As of June 30, 2001, the Partnership’s systems served approximately 32,030 basic subscribers and 14,700 premium subscribers.
Operating expenses totaled $607,876 for the six months ended June 30, 2001, representing an increase of approximately 4% over the same period in 2000. Such increase is primarily due to increases in pole rents and utility audits occurring during the second quarter of 2001.
General and administrative expenses totaled $1,884,763 for the six months ended June 30, 2001 representing an increase of approximately 2% over the same period in 2000. The increase in general and administrative expenses relates to increases in revenue based expenses such as franchise fees and management fees. Increases in property taxes also attributed to the increase in general and administrative expenses during the second quarter of 2001.

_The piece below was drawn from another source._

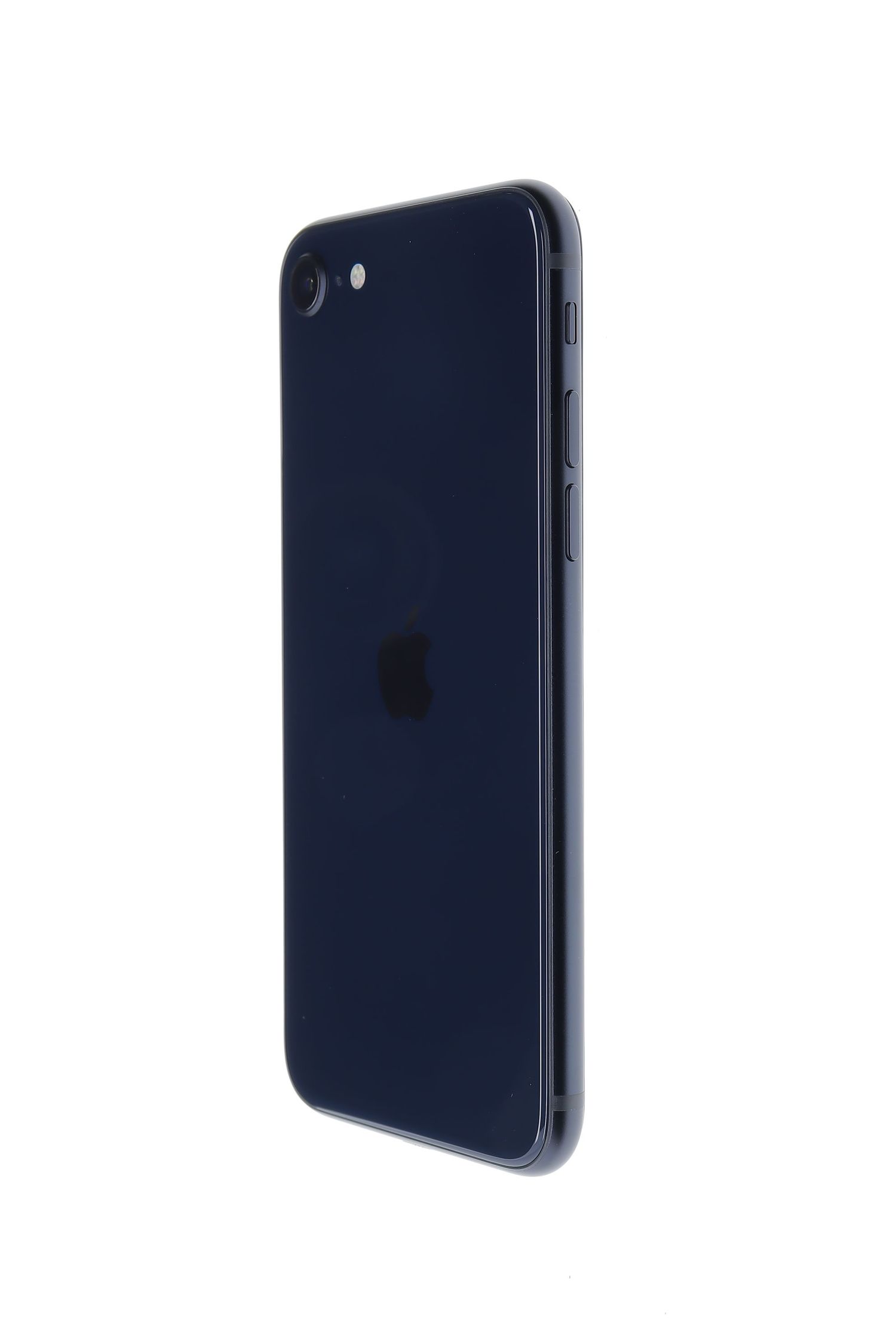 Apple iPhone SE 2022 64 GB Midnight - Újszerű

Programming expenses totaled $2,109,577 for the six months ended June 30, 2001, representing an increase of approximately 7% over the same period in 2000. Increased rates charged by various program suppliers resulted in the increased programming expenses for the second quarter of 2001.
Depreciation and amortization expenses totaled $2,275,054 for the six months ended June 30, 2001, representing an increase of approximately 2% over the same period in 2000. The increase is attributable to recent additions of assets relating to the upgrading and improvement of plant and equipment. Increases in depreciation are also offset by certain assets becoming fully depreciated.
Interest expense for the six months ended June 30, 2001 increased approximately 4% compared to the same period in 2000. This increase is primarily due to increases in loan fee amortization.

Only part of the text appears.